● **Information shown**:

□ □ □ □ □

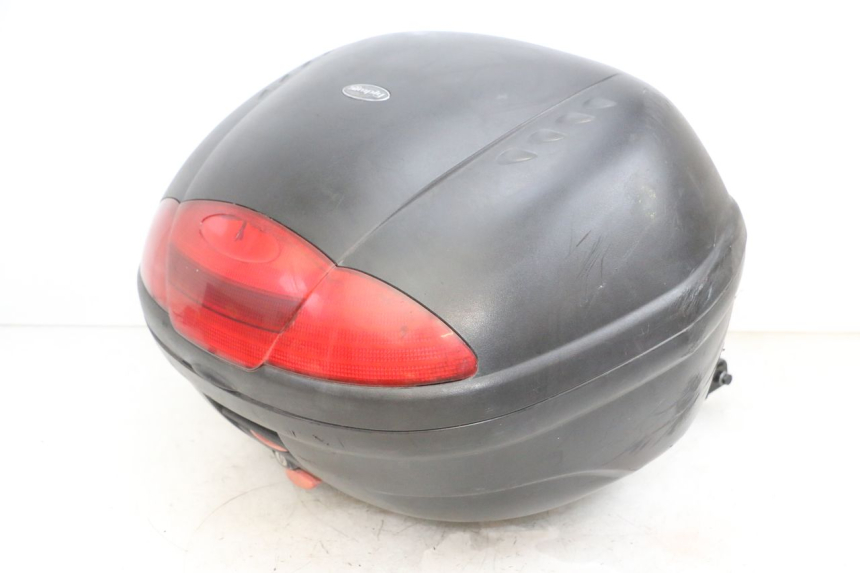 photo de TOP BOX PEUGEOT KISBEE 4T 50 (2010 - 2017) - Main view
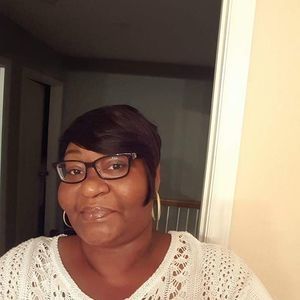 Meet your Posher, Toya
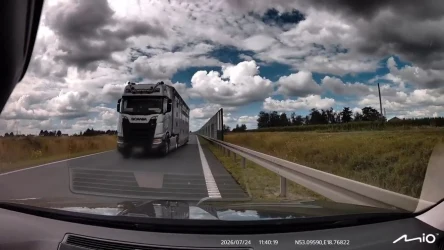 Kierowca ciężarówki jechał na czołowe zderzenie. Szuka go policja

□ □ □ □ □

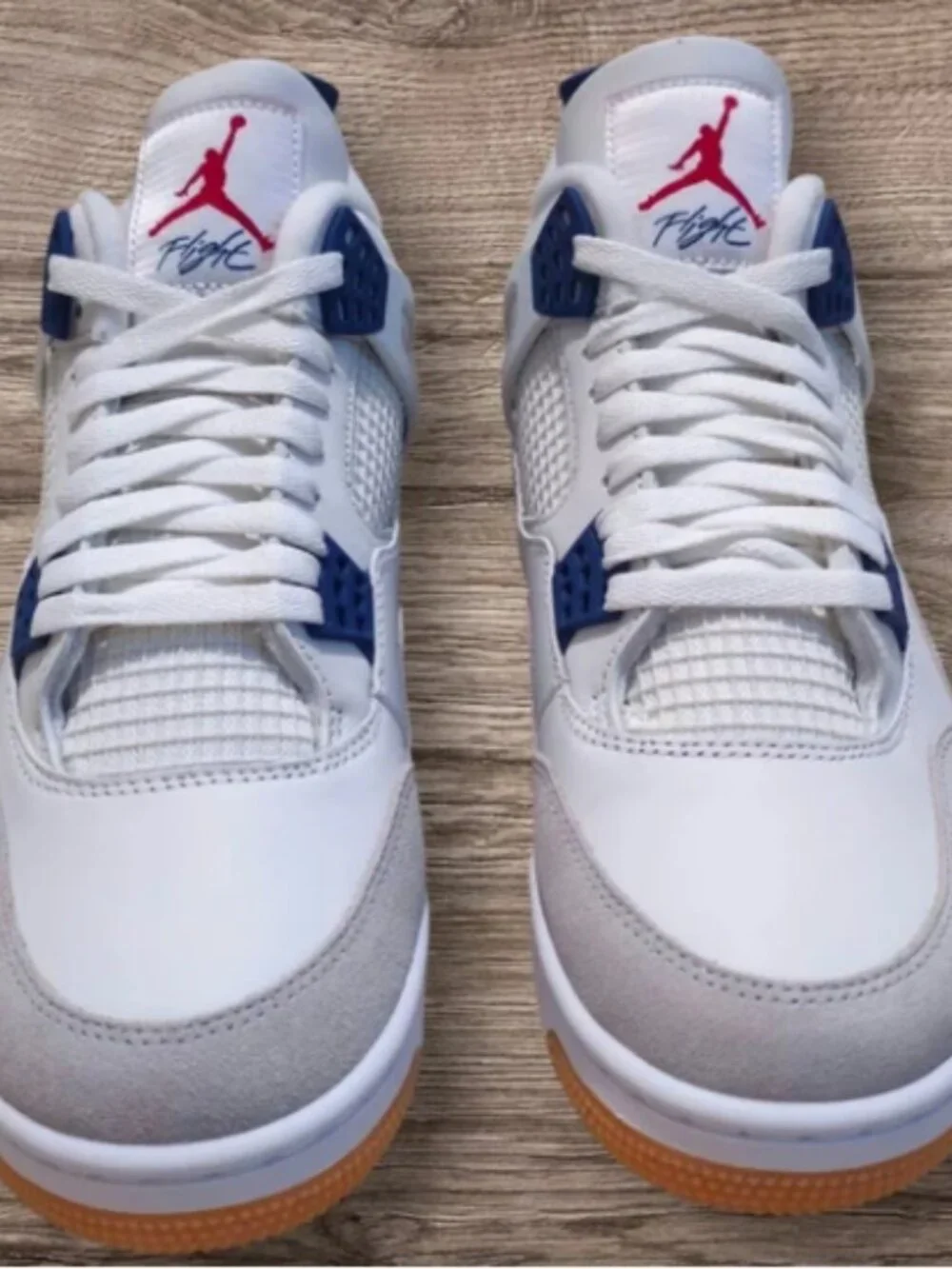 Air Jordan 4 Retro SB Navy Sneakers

□ □ □ □ □

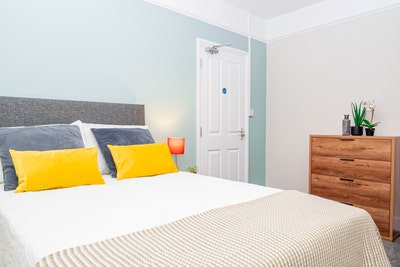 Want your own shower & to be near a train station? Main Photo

□ □ □ □ □

● **Your goal**: Starting at the line above that holds "photo de TOP", return each line up to and including the one that holds "Kierowca ciężarówki jechał", exactly as written, minus any pictures.

● **Reply**:
 photo de TOP BOX PEUGEOT KISBEE 4T 50 (2010 - 2017) - Main view
 Meet your Posher, Toya
 Kierowca ciężarówki jechał na czołowe zderzenie. Szuka go policja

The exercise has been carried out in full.